Droolin’ Jim Sensenbrenner, chairman the House Judiciary Committee, has joined hands with his Democratic buddy John Conyers to introduce a bill banning Quality of Service on the Internet. The bill, HR 5417, would make it illegal for an ISP to manage high-priority queues. They would be bound to treat any packet marked for low-jitter service the same, regardless of size or origin. That sort of thing defeats the whole purpose of QoS, which is to provide a quick-check lane on the Internet where shoppers with little baskets don’t have to wait behind an endless stream of other shoppers with cartloads of stuff.

With Republicans getting on the grandstand and moronic religious nuts joining up, things are looking bad for the evolving Internet. Google has created an advantage for itself by building an unregulated private network that places servers close to everybody, and if the Internet changes this advantage will be nullified for voice and video delivery. Unless we get our act together, these mobsters are going to win.

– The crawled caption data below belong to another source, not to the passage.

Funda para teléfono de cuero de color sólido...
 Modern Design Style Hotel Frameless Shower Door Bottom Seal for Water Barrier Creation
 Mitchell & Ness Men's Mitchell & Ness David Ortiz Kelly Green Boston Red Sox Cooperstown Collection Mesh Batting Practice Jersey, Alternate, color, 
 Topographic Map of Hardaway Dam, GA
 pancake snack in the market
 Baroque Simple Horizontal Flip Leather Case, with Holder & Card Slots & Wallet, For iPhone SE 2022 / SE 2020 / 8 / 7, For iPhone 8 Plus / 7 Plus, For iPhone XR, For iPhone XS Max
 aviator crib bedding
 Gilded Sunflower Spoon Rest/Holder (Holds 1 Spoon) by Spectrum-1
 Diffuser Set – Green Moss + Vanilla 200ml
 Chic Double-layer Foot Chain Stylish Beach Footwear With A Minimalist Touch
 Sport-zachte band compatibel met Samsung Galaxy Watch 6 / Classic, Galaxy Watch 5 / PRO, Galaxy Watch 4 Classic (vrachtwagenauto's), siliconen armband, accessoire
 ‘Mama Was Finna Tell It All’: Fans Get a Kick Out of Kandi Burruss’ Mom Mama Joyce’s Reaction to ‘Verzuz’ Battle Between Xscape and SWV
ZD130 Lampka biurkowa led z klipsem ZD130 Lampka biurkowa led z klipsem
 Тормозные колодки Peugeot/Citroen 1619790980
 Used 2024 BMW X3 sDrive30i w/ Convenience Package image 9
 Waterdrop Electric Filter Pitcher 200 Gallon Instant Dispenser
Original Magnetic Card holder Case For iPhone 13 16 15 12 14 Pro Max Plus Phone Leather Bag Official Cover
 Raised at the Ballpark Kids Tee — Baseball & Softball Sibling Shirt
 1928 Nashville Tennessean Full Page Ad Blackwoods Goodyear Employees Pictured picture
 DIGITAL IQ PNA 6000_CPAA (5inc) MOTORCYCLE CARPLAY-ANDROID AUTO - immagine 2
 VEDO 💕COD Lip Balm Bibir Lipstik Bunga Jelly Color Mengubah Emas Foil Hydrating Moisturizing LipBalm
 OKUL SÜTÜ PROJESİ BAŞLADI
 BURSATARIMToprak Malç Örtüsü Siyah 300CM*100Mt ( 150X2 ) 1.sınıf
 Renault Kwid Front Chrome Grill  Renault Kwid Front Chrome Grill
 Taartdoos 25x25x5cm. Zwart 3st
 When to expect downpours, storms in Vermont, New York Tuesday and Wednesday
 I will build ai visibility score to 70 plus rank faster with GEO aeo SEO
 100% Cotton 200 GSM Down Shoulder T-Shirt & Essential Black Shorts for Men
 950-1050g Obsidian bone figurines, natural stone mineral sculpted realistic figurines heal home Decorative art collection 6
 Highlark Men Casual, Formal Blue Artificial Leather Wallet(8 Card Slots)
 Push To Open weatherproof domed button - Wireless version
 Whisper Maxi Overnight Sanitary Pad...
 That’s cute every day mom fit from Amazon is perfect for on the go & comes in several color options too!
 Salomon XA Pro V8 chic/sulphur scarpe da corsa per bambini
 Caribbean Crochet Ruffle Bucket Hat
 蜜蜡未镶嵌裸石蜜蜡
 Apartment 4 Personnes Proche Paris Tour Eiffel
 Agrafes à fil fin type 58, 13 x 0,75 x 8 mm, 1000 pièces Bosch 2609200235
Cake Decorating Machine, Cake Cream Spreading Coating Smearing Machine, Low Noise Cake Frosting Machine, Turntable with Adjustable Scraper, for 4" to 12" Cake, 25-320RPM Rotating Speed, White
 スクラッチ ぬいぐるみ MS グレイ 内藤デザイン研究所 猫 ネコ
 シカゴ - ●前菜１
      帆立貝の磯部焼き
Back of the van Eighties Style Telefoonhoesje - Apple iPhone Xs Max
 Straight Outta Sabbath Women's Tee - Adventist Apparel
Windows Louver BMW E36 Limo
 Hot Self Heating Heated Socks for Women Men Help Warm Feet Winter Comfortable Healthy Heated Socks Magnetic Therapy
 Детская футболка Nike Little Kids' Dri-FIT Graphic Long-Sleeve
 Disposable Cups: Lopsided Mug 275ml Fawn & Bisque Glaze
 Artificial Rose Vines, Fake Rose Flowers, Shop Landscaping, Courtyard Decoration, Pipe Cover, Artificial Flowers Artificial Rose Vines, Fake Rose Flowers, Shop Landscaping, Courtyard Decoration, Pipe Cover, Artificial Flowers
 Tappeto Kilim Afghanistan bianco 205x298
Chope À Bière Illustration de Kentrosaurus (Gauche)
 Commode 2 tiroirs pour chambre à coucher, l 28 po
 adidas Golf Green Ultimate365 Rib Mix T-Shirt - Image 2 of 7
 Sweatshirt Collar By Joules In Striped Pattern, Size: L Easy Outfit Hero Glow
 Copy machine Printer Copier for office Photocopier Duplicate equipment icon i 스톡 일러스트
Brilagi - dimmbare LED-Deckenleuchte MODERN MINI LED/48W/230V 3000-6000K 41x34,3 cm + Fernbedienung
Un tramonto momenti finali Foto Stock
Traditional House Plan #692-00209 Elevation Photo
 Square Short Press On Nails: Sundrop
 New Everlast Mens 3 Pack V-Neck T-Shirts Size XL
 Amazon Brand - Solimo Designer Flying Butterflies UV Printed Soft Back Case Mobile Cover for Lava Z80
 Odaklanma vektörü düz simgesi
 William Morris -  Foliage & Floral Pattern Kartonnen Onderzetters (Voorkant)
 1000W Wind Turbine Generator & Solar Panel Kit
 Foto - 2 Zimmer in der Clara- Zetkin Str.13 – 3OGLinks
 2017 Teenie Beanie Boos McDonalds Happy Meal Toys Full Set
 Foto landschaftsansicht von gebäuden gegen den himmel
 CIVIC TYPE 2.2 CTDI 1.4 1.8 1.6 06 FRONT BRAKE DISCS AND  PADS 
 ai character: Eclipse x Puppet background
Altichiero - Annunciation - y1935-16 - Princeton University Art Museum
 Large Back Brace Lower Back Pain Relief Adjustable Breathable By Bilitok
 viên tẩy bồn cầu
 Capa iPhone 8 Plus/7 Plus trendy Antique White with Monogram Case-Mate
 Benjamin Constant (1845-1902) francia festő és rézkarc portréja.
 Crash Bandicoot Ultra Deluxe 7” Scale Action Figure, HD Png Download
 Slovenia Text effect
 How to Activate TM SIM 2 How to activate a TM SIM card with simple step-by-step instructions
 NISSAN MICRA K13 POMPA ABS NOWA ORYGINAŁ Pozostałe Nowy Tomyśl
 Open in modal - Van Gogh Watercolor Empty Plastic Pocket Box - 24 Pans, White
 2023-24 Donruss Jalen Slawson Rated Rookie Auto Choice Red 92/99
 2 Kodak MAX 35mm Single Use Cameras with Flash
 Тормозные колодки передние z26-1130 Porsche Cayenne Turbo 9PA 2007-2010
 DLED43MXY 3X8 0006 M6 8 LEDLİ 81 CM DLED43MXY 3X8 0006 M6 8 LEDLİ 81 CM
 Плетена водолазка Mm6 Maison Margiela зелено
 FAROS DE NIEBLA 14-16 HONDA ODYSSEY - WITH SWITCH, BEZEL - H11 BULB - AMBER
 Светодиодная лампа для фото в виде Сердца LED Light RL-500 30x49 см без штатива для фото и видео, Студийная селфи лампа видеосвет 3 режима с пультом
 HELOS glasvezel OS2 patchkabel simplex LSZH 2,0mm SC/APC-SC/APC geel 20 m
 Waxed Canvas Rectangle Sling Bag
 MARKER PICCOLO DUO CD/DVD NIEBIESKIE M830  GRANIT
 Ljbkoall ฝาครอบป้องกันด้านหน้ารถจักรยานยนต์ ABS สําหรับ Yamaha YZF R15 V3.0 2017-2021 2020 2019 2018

22 thoughts on “The poison pill bill”

  1. This is a deeply flawed bill. First, it makes all NSPs and ISPs into “broadband network providers” even if they don’t supply residential Internet services, because it defines broadband as two-way Internet services at 500 kbps or faster. Second, as you point out, it requires that if you provide a higher class of service to anyone, you must supply it to everyone, without charging more for it–you can’t offer a higher class of service or charge more on the basis of application or content–but then it apparently contradicts itself and says that if you do offer classes of service based on “type” of data, you must offer that class of service for that “type” of data for everyone, apparently including non-customers located elsewhere on the Internet. Thus, if you offer VOIP interconnection to your own VOIP infrastructure over a higher class of service, you have to allow your customers to interconnect to other VOIP providers over your own VOIP infrastructure, even if those providers aren’t your customers. Third, it prohibits blocking, impairing, discriminating against, or interfering with the ability of any person to use the service “to send, receive, or to offer lawful content, applications or services over the Internet”–which means that the spammers who currently say “You’ve got to sell me service, because I comply with CAN-SPAM” can no longer be told, “but you don’t comply with our AUP,” they’ll have to be sold service. Fourth, it prohibits all restrictions on what devices users can connect to the network except on the grounds of physical harm or degrading the service of others. This seems to imply that if you offer a specialized network service for which you only support one set of vendors, and a customer wants to use it with a vendor you don’t support, you have to come up with a way to support it. (Well, technically, I guess it just means that you have to let them connect it and not necessarily make it work–but I could see this, if it became law, used to try to force support for unsupported devices.)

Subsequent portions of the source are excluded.